What you are asked to do: Your job with the data below is to output exactly the lines from the one holding "Sắp diễn ra" down to the one holding "Schwerer Verkehrsunfall in", both included, and no others.

Crawled caption data:
:::

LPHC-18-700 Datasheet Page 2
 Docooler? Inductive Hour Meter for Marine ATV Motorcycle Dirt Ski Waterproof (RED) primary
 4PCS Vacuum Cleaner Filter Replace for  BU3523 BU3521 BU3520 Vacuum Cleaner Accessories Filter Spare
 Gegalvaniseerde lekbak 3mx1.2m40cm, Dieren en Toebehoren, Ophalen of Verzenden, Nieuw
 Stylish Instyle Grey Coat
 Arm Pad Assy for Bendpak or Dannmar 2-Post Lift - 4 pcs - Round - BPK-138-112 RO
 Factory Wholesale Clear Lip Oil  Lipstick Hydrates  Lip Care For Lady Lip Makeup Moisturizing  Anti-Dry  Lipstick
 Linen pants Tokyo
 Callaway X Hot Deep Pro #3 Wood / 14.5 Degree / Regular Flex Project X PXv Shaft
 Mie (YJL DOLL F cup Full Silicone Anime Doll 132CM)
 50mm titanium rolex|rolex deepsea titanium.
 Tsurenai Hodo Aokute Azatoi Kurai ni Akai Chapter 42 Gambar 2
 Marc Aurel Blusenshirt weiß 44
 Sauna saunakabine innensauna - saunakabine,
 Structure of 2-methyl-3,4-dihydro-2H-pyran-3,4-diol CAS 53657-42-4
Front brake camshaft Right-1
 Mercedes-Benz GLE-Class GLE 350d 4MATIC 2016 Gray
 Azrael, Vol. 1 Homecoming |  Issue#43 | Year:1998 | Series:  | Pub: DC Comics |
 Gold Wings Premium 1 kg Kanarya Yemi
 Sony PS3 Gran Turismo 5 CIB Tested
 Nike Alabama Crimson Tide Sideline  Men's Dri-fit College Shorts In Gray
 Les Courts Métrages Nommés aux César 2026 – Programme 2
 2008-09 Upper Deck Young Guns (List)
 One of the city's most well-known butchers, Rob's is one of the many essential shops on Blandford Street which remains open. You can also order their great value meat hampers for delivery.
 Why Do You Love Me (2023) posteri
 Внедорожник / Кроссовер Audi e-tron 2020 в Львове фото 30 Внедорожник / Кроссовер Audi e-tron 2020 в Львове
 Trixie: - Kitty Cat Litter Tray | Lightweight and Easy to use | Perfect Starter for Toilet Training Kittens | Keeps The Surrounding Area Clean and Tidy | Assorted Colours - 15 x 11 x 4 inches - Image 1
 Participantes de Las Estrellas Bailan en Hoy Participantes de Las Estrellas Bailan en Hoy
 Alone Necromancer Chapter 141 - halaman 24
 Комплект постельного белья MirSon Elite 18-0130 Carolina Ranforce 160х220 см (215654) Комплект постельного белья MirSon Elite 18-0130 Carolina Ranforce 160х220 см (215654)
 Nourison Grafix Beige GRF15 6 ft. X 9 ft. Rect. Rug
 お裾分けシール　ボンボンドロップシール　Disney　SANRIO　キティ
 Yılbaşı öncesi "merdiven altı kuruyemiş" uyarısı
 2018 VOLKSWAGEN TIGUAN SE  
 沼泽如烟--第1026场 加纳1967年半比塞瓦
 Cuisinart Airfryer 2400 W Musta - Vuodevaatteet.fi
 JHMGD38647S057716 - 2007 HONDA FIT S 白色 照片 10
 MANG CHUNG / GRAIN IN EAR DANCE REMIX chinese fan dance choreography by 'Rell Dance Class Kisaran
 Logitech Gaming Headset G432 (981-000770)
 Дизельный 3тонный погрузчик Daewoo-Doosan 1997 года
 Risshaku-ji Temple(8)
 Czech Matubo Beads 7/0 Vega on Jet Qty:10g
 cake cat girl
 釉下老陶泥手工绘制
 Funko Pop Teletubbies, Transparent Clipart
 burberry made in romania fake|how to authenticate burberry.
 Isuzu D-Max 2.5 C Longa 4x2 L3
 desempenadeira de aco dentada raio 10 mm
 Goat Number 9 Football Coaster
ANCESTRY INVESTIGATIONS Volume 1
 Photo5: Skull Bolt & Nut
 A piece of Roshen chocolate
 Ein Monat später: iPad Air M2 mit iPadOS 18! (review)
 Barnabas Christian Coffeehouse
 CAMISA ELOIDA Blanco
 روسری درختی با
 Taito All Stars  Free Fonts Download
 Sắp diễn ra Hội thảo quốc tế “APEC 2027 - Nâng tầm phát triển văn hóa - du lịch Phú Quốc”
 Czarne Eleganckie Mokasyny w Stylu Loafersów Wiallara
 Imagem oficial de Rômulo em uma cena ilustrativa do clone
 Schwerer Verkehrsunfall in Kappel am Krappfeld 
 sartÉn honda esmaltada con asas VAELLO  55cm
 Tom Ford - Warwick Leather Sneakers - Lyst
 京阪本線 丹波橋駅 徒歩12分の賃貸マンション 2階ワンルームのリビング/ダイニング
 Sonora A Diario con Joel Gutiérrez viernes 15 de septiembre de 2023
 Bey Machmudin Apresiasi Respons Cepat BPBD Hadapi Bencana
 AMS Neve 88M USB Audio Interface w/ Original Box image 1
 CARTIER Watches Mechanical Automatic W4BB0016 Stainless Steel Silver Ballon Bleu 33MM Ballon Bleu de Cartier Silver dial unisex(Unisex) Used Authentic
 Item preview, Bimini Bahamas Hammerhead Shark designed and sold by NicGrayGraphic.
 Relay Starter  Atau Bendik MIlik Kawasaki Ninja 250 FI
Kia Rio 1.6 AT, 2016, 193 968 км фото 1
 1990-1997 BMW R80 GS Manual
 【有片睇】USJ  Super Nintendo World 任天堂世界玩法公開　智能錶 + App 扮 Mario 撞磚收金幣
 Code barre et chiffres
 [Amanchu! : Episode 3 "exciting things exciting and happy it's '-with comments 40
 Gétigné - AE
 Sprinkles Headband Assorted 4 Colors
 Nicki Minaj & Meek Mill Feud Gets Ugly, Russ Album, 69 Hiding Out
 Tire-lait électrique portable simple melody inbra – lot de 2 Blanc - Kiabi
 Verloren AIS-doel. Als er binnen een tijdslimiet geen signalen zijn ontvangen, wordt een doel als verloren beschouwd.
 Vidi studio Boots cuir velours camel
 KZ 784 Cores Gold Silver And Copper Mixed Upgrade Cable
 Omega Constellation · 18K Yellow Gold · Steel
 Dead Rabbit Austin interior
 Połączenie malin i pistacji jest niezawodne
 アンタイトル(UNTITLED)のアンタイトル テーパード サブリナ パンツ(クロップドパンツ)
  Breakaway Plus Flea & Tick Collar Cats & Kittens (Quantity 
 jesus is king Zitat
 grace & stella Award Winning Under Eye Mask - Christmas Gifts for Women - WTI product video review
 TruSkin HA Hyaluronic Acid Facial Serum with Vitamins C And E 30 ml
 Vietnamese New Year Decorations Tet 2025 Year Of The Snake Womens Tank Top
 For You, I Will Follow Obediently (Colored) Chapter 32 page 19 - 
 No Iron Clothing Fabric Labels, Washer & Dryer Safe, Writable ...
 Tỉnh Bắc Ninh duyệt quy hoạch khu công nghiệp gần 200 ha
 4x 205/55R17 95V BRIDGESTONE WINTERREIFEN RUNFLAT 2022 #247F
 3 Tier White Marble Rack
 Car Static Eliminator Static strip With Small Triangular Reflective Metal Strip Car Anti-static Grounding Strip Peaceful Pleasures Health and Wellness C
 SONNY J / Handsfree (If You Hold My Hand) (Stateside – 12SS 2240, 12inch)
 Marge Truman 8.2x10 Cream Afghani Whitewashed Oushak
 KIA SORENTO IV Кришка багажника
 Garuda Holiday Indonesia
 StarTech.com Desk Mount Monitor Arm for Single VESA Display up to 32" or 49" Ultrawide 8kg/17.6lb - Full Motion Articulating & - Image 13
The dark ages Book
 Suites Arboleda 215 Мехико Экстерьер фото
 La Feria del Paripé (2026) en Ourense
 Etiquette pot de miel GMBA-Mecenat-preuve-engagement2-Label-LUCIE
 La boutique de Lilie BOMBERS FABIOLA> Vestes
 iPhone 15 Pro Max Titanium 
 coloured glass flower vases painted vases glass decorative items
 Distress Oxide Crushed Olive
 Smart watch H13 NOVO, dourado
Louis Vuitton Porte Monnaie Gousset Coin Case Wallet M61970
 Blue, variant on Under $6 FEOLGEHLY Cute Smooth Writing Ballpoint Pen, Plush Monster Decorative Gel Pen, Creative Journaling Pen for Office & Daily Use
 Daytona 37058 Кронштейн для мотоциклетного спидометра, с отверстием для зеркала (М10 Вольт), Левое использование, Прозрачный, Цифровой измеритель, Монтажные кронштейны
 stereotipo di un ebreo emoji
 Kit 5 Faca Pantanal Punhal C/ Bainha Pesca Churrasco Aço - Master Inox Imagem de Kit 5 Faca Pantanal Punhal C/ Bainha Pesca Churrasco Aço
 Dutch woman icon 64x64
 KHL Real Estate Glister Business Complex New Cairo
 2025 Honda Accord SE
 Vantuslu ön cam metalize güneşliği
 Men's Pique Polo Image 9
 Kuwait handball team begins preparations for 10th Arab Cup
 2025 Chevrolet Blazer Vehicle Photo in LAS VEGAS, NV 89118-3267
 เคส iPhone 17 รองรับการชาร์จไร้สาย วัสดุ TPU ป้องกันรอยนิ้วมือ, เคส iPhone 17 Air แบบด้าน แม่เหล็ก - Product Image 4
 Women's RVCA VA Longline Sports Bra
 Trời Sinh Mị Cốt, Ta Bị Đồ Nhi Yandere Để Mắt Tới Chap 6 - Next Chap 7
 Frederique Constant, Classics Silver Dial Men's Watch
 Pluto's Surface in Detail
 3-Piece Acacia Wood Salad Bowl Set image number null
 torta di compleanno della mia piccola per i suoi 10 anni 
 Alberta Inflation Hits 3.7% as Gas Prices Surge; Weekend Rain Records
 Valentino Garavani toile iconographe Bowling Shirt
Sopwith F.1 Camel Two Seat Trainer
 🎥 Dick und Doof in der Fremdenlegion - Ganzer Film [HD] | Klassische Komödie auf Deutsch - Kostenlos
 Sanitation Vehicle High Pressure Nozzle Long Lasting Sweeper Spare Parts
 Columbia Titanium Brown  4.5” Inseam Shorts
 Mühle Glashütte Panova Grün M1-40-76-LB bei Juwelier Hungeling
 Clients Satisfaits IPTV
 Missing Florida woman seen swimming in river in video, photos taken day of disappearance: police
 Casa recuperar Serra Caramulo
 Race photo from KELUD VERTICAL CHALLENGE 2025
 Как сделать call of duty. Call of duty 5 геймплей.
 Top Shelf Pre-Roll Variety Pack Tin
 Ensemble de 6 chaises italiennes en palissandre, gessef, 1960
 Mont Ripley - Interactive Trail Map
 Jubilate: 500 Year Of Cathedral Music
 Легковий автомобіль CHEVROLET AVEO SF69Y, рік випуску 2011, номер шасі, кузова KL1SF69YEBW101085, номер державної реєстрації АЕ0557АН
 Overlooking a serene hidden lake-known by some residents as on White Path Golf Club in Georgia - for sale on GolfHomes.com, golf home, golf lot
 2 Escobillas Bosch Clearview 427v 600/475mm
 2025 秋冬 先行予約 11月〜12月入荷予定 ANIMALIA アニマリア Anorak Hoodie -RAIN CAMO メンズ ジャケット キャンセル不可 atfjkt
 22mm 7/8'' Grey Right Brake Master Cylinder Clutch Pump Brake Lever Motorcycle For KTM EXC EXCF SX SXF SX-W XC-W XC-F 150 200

:::

Output of the task:
 Sắp diễn ra Hội thảo quốc tế “APEC 2027 - Nâng tầm phát triển văn hóa - du lịch Phú Quốc”
 Czarne Eleganckie Mokasyny w Stylu Loafersów Wiallara
 Imagem oficial de Rômulo em uma cena ilustrativa do clone
 Schwerer Verkehrsunfall in Kappel am Krappfeld 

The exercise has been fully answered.